First let us find an upper bound, to make this fraction as big as it can possibly be we must merely make the numerator as big as possible and the denominator as small as possible. Now remembering that $\displaystyle |\sin)x_|,|\cos(x)|\leqslant 1$ we can see that for sufficiently large x that
$\displaystyle \frac{3x+\sin(x)}{4x-\cos(2x)}\leqslant\frac{3x+1}{4x-1}$
Now let us bound it from below. We want to do the opposite.

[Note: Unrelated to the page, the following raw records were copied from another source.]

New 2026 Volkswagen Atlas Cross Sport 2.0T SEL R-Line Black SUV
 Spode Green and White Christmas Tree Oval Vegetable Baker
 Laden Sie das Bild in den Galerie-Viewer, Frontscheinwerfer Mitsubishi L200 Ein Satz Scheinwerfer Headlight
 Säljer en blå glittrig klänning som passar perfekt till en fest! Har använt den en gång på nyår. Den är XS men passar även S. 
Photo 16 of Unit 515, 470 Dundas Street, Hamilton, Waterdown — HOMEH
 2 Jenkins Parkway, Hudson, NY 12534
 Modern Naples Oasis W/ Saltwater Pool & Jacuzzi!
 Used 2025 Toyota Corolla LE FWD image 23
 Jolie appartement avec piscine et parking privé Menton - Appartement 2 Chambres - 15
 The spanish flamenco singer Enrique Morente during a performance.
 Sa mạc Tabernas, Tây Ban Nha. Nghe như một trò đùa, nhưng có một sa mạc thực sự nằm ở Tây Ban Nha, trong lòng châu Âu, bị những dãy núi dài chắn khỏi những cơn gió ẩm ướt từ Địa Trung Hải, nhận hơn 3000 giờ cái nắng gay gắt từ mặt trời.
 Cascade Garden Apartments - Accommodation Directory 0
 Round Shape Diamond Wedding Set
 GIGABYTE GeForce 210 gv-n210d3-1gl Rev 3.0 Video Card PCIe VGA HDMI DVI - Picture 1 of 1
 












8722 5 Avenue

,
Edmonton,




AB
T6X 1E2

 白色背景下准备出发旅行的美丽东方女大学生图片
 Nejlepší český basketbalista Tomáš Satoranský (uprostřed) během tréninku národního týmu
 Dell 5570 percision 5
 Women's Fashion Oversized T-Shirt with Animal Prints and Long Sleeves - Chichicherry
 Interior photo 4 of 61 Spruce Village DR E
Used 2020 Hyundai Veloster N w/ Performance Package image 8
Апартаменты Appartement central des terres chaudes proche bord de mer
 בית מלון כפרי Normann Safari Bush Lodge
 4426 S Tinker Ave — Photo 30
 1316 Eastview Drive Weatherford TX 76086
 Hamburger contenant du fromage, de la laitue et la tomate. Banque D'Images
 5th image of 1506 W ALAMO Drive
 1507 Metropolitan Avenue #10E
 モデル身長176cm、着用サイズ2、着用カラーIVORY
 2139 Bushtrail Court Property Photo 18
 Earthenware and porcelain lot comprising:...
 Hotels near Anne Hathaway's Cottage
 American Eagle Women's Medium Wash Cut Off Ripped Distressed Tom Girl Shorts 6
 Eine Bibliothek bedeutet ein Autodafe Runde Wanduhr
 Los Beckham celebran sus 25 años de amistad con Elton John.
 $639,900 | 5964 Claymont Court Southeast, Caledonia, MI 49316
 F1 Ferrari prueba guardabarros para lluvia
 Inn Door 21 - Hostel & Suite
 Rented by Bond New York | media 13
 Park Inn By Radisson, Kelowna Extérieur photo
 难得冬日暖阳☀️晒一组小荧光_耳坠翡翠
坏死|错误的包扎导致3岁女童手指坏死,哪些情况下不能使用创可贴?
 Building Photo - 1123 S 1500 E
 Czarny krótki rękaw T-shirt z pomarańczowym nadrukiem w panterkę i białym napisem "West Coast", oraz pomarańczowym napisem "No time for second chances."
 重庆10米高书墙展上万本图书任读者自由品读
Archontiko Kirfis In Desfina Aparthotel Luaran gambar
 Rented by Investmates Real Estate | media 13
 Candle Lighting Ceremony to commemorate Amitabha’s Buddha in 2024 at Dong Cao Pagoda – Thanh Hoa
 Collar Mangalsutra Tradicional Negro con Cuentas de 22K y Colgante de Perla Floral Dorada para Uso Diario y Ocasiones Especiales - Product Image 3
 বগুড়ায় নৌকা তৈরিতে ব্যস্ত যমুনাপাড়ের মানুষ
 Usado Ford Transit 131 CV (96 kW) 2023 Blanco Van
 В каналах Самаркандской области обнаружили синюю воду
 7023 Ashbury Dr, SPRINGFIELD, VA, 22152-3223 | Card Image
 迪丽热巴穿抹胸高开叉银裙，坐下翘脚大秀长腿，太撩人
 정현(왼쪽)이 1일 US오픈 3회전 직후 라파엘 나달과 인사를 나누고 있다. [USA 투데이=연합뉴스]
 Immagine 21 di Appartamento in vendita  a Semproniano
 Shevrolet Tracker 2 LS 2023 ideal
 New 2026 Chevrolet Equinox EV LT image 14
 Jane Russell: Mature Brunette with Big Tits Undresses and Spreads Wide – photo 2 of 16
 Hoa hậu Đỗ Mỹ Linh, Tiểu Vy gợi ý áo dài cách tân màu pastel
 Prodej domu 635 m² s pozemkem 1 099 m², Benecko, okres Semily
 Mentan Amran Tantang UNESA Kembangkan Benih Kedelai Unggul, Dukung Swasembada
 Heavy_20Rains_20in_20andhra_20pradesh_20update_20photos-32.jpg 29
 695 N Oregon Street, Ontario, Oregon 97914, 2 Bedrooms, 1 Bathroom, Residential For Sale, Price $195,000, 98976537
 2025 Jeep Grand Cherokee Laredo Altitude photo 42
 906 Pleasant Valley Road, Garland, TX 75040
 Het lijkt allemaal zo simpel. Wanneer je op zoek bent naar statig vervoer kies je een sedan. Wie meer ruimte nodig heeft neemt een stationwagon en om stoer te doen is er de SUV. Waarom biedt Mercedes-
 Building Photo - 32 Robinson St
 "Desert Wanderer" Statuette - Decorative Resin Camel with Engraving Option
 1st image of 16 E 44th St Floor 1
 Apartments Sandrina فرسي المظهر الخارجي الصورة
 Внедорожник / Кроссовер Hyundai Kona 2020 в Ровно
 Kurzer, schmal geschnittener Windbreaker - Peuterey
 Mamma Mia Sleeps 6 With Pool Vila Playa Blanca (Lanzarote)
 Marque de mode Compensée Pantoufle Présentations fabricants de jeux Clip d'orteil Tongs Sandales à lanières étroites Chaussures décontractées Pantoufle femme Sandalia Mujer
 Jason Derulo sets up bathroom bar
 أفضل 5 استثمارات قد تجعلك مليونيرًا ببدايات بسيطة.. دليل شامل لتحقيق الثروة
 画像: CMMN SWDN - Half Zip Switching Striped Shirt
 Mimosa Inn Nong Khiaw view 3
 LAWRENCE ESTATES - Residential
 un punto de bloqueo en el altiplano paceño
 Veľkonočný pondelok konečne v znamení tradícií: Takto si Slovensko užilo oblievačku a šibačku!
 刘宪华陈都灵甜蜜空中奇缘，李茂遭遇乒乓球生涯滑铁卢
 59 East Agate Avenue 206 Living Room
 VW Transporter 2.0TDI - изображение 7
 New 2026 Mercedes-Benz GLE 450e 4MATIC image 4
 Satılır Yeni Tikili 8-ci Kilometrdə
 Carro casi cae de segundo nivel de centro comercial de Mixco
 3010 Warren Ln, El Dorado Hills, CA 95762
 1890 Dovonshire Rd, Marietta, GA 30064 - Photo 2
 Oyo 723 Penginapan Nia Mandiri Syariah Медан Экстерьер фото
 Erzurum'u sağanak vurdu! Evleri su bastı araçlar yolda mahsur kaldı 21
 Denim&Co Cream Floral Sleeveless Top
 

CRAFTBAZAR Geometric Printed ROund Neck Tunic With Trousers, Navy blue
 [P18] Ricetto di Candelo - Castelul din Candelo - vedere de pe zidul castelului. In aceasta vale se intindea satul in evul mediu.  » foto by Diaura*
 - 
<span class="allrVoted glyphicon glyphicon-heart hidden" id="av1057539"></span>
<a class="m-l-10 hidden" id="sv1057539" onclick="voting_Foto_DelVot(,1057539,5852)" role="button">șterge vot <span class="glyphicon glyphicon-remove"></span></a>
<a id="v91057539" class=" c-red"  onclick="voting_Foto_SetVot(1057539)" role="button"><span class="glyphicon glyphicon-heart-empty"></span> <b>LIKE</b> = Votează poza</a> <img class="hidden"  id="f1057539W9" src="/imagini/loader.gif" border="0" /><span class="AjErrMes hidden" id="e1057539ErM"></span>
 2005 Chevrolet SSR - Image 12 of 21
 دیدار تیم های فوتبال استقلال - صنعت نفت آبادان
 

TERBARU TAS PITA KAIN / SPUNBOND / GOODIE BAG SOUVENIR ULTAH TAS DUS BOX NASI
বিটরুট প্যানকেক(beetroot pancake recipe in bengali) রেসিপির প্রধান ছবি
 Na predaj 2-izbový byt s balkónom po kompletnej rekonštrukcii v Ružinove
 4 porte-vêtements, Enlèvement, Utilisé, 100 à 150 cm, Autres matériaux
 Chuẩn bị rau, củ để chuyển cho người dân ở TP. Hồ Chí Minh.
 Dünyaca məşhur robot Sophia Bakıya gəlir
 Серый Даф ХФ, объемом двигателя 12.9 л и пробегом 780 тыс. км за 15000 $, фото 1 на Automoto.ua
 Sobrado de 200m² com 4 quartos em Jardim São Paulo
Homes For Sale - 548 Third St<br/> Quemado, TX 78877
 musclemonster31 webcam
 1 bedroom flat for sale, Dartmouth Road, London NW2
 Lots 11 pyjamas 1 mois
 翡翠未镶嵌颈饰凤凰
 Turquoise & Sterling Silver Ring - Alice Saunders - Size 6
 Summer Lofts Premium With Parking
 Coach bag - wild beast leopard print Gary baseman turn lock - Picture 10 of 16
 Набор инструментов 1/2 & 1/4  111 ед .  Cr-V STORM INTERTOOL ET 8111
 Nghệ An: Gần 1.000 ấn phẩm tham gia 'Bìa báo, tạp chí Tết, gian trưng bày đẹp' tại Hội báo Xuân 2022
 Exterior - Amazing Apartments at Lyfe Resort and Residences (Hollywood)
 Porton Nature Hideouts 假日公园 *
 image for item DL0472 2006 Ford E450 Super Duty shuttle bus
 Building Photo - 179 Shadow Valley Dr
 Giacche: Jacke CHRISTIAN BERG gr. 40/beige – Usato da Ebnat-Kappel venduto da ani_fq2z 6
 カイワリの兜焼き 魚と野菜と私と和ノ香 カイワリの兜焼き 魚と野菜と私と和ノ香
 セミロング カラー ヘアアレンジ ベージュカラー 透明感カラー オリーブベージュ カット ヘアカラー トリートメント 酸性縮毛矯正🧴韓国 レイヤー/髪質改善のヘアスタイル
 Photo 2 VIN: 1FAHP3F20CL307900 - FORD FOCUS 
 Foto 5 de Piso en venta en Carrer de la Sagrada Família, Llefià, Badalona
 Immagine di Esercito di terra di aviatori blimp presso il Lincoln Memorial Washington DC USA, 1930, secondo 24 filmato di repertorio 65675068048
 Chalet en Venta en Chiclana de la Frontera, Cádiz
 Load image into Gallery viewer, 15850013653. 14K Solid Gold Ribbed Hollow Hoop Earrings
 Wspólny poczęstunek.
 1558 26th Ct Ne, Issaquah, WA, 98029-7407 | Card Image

We want to make the numerator as small as possible and the denominator as large as possible so
$\displaystyle \frac{3x-1}{4x+1}\leqslant\frac{3x+\sin(x)}{4x-\cos(2x)}$
Putting these together we arrive at
for sufficiently large x
$\displaystyle \frac{3x-1}{4x+1}\leqslant\frac{3x+\sin(x)}{4x-\cos(2x)}\leqslant\frac{3x+1}{4x-1}$
So now you can prove by $\displaystyle \delta-\varepsilon$ defintion that
$\displaystyle \lim_{x\to\infty}\frac{3x-1}{4x+1}=\lim_{x\to\infty}\frac{3x+1}{4x-1}=\frac{3}{4}$
So we finally arrive at
$\displaystyle \frac{3}{4}\leqslant\lim_{x\to\infty}\frac{3+\sin( x)}{4x-\cos(2x)}\leqslant\frac{3}{4}$
And by the squeeze theorem this implies that $\displaystyle \lim_{x\to\infty}\frac{3x+\sin(x)}{4x-\cos(2x)}=\frac{3}{4}$
I hope that helps.
Hello,
$\displaystyle \lim_{x \to \infty} \frac{3x+\sin(x)}{4x-\cos(2x)}=\lim_{x \to \infty} \frac{3+\frac{\sin(x)}{x}}{4-\frac{\cos(2x)}{x}}$
I'll find those A and B.
We all know that $\displaystyle -1\le \cos(x)\le 1$ for any x, and the same goes for the sine.
Let's care about the numerator :
$\displaystyle -1 \le \sin(x) \le 1$
$\displaystyle -\frac 1x \le \frac{\sin(x)}{x} \le \frac 1x$
$\displaystyle \boxed{3-\frac 1x \le 3+\frac{\sin(x)}{x} \le 3+\frac 1x}$
Now, let's care about the denominator :
$\displaystyle -1 \le -\cos(2x) \le 1$ (there's no difference whether you consider -cos(2x) or cos(2x), you can show it by multiplying the inequality by -1)
[...]
$\displaystyle 4-\frac 1x \le 4-\frac{\cos(2x)}{x} \le 4+\frac 1x$
Hence :
$\displaystyle \boxed{\frac{1}{4+\frac 1x} \le \frac{1}{4-\frac{\cos(2x)}{x}} \le \frac{1}{4-\frac 1x}}$
From the two boxed stuff, we can say :
$\displaystyle \frac{3-\frac 1x}{4+\frac 1x} \le \frac{3+\frac{\sin(x)}{x}}{4-\frac{\cos(2x)}{x}} \le \frac{3+\frac 1x}{4-\frac 1x}$
And you're done
Edit : aaack... too slow